**Exercise objective:**
Return, word for word, the lines running from the one that contains "SENTALER Maxi Coat" to the final line of the listing below.

**Extracted entries:**
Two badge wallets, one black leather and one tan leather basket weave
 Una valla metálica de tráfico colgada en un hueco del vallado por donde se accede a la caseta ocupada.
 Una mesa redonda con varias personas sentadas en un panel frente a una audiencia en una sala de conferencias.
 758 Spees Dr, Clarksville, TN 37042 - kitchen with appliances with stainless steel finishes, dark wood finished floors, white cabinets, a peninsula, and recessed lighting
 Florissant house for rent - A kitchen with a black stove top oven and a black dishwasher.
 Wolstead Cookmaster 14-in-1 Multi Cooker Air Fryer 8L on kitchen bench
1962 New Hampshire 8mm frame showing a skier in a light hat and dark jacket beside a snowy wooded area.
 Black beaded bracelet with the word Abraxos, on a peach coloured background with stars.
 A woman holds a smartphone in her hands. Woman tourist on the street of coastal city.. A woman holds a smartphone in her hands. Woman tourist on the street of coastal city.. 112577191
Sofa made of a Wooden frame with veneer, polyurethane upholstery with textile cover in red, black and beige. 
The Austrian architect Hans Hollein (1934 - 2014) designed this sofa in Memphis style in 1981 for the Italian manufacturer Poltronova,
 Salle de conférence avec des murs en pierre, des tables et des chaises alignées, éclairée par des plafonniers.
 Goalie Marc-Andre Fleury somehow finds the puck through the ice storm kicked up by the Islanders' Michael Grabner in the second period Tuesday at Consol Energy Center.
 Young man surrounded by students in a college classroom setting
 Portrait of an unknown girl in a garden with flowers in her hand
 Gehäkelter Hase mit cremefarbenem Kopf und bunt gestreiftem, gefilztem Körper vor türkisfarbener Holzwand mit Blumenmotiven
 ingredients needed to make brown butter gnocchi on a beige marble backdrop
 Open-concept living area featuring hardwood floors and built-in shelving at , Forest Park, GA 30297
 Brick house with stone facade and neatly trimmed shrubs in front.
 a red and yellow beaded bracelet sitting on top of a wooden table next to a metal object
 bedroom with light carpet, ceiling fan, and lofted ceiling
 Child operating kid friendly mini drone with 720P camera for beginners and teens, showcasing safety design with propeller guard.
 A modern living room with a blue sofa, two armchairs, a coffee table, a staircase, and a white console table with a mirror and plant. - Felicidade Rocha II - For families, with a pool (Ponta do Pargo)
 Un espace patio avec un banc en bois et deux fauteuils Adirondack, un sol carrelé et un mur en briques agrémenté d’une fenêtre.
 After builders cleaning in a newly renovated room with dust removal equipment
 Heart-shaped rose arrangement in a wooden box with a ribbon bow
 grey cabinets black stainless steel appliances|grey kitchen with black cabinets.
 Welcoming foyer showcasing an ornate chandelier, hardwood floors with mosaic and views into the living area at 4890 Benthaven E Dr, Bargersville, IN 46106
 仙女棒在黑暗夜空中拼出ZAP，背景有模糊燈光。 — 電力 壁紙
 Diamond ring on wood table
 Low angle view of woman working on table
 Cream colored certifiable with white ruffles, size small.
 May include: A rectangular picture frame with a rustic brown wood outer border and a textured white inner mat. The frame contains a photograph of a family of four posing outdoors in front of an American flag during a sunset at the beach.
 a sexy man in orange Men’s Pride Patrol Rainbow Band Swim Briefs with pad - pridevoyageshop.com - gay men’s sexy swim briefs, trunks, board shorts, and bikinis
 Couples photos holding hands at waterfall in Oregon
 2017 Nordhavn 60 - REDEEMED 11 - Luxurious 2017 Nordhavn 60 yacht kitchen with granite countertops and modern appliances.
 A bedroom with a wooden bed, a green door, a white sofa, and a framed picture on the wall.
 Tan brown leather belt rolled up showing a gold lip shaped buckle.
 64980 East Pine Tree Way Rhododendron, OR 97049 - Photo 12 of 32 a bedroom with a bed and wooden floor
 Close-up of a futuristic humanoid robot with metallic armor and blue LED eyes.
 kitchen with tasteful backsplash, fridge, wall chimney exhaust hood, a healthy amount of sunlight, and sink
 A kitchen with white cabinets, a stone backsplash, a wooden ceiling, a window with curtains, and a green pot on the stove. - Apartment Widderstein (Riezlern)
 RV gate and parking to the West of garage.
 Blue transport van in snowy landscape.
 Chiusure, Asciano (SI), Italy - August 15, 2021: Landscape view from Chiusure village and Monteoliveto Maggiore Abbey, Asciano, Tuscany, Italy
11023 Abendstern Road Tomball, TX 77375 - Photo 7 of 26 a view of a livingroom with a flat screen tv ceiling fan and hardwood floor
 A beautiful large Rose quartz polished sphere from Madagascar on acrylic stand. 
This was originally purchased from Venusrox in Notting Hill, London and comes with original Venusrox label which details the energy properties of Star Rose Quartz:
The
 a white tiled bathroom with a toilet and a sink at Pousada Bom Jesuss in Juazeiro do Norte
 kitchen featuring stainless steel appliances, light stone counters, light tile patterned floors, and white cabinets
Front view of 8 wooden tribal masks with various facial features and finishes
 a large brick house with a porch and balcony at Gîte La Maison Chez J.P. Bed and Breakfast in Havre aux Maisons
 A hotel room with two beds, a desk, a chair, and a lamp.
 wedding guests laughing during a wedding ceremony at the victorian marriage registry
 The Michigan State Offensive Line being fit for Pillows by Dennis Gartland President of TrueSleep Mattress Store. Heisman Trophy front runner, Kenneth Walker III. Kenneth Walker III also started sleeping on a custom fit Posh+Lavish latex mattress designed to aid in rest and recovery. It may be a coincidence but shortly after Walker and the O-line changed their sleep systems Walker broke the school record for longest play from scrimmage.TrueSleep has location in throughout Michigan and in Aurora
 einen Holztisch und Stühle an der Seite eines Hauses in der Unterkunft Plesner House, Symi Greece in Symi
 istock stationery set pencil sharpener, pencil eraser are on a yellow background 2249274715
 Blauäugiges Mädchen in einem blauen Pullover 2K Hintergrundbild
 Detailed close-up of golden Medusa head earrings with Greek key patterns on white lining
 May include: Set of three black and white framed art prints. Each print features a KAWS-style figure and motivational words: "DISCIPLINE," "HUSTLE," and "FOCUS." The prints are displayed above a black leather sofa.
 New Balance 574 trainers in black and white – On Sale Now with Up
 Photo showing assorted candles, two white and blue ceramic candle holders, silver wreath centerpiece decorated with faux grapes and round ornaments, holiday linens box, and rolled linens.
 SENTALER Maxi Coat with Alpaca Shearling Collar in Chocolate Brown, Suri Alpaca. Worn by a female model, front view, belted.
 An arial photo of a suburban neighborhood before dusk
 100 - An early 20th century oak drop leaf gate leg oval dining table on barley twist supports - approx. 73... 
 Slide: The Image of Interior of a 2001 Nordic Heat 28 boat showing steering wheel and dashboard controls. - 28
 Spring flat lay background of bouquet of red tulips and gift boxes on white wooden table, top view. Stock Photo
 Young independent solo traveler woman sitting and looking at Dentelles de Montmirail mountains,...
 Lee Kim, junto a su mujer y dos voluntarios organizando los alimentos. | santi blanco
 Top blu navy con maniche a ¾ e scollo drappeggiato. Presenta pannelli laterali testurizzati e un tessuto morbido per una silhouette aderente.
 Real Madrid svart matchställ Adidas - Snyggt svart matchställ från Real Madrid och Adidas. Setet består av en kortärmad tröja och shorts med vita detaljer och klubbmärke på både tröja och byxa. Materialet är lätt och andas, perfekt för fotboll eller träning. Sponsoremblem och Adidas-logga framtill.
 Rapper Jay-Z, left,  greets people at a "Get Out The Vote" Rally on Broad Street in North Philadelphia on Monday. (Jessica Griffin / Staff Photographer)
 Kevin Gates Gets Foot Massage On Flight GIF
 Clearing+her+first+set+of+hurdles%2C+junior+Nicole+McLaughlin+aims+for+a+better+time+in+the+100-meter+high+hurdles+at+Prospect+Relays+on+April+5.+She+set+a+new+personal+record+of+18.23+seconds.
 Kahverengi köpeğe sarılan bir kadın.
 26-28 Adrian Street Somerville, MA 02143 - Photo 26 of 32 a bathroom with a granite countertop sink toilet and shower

**Completed task:**
 SENTALER Maxi Coat with Alpaca Shearling Collar in Chocolate Brown, Suri Alpaca. Worn by a female model, front view, belted.
 An arial photo of a suburban neighborhood before dusk
 100 - An early 20th century oak drop leaf gate leg oval dining table on barley twist supports - approx. 73... 
 Slide: The Image of Interior of a 2001 Nordic Heat 28 boat showing steering wheel and dashboard controls. - 28
 Spring flat lay background of bouquet of red tulips and gift boxes on white wooden table, top view. Stock Photo
 Young independent solo traveler woman sitting and looking at Dentelles de Montmirail mountains,...
 Lee Kim, junto a su mujer y dos voluntarios organizando los alimentos. | santi blanco
 Top blu navy con maniche a ¾ e scollo drappeggiato. Presenta pannelli laterali testurizzati e un tessuto morbido per una silhouette aderente.
 Real Madrid svart matchställ Adidas - Snyggt svart matchställ från Real Madrid och Adidas. Setet består av en kortärmad tröja och shorts med vita detaljer och klubbmärke på både tröja och byxa. Materialet är lätt och andas, perfekt för fotboll eller träning. Sponsoremblem och Adidas-logga framtill.
 Rapper Jay-Z, left,  greets people at a "Get Out The Vote" Rally on Broad Street in North Philadelphia on Monday. (Jessica Griffin / Staff Photographer)
 Kevin Gates Gets Foot Massage On Flight GIF
 Clearing+her+first+set+of+hurdles%2C+junior+Nicole+McLaughlin+aims+for+a+better+time+in+the+100-meter+high+hurdles+at+Prospect+Relays+on+April+5.+She+set+a+new+personal+record+of+18.23+seconds.
 Kahverengi köpeğe sarılan bir kadın.
 26-28 Adrian Street Somerville, MA 02143 - Photo 26 of 32 a bathroom with a granite countertop sink toilet and shower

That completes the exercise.